Streaming series Loot has something its rivals can’t boast – a $US500 million mansion.
“It was listed as the most expensive property ever [listed] in human existence,” Loot co-creator Alan Yang told news.com.au. “When we were researching and location scouting, we were finding these places and saying, ‘Yeah, that’s a $40 million or $50 million mansion, what’s the next level?’
“So we pushed the crew to go deeper and deeper and bigger and bigger.”
Loot, as the name implies, plays in an uber wealthy sandbox. Its lead character is a woman named Molly (Maya Rudolph), who discovers her tech mogul husband’s (Adam Scott) infidelity after 20 years of a life together.
In the ensuing divorce, she walks away with $87 billion – and a compulsion to find her purpose and herself through her charitable foundation.

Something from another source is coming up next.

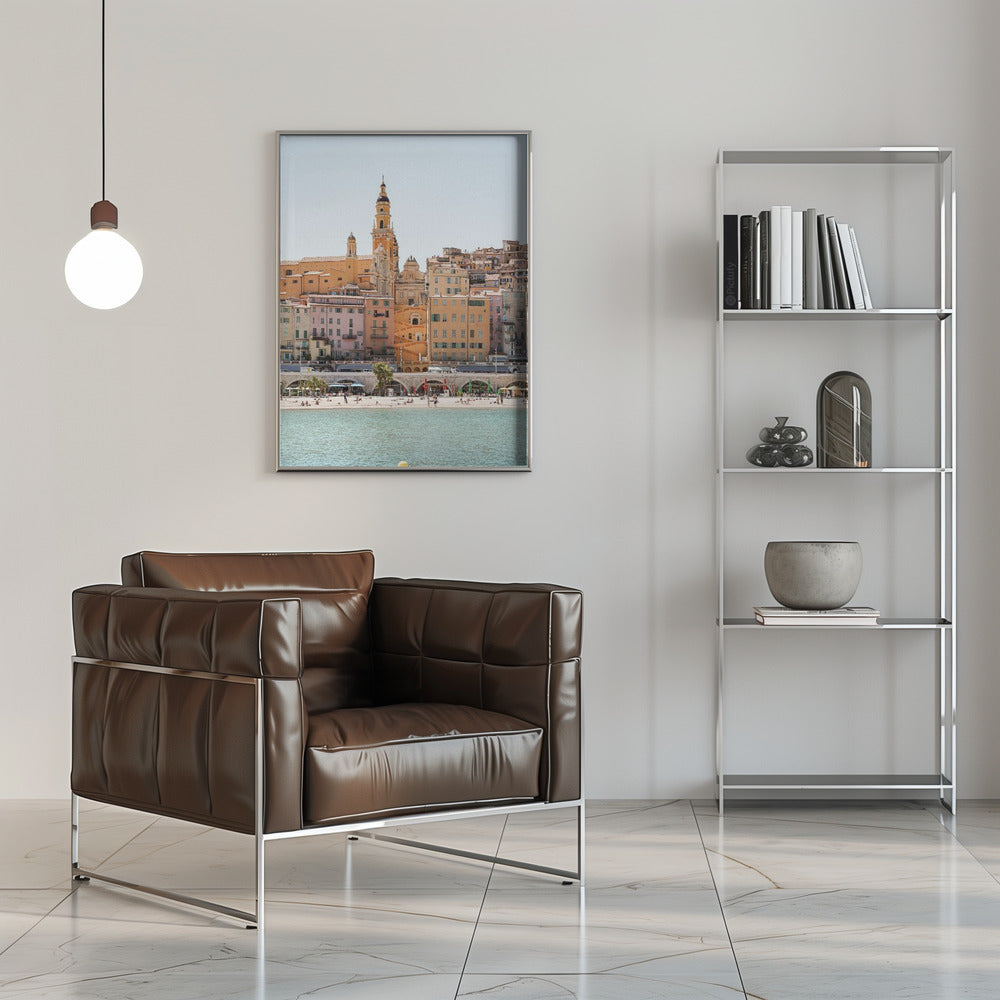 Skyline of Menton - Stretched Canvas, Poster or Fine Art Print I Heart Wall Art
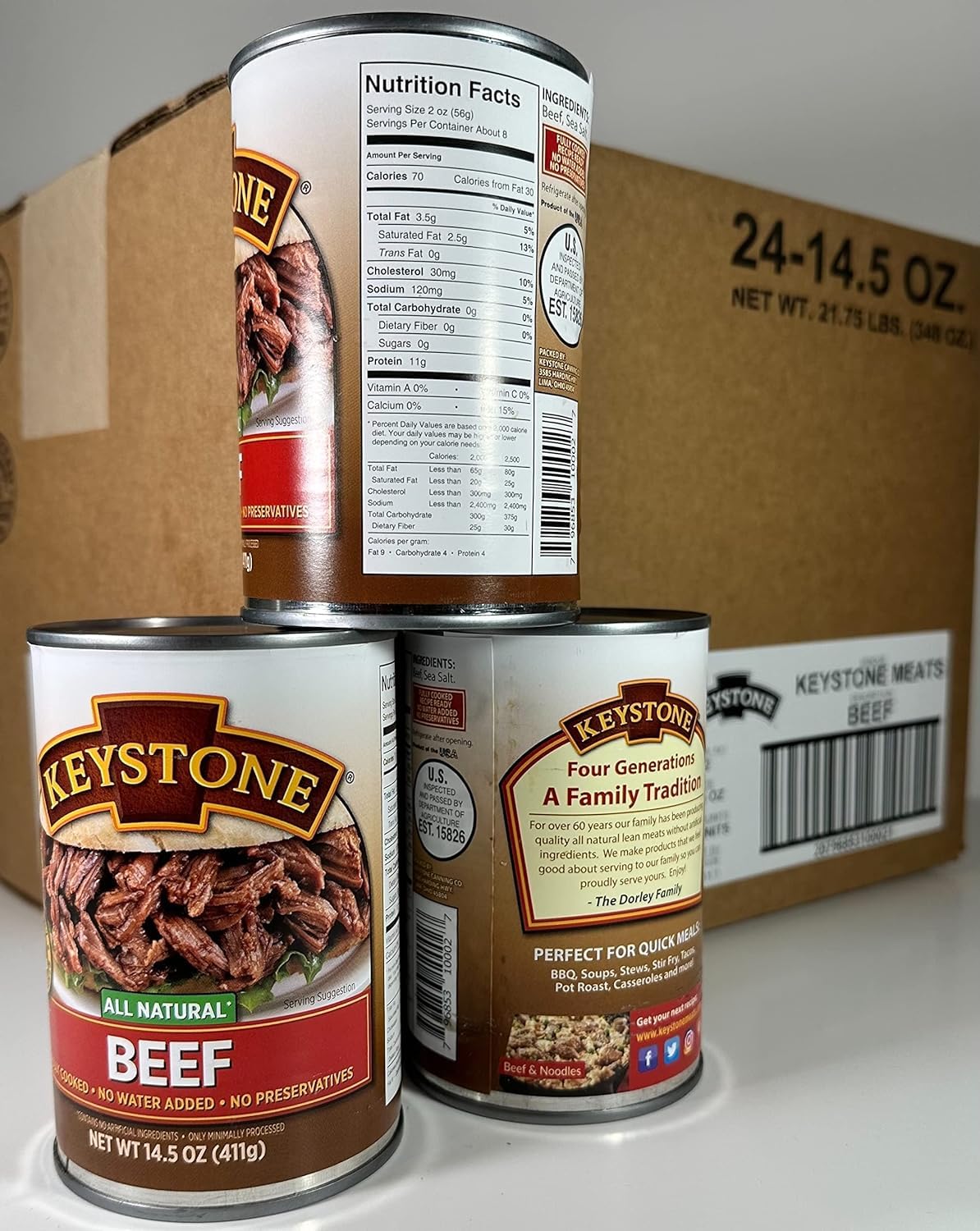 Keystone Meats All Natural Canned Beef 14.5 Ounce Long Term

Hence, the eye-popping, unfathomably expensive mega mansion. The location is a real-life house (if you can even call it a house) in Los Angeles called “The One”. It has seven pools, a 50-car garage and its own nightclub.
The super yachts, private jets and mega mansions world of Loot is a far stretch from the small government offices of Parks and Recreation, where Yang and his co-creator Matt Hubbard first worked together.
Since then, Emmy winner Yang has been behind some of the most lauded works of the past decade including the auteur-driven Master of None, the philosophical Forever and the personal film Tigertail, which was based on his father’s experiences migrating to the US from Taiwan.
But with Loot, he and Hubbard wanted to do something different, something more fun and something with a higher laughs-per-minute ratio.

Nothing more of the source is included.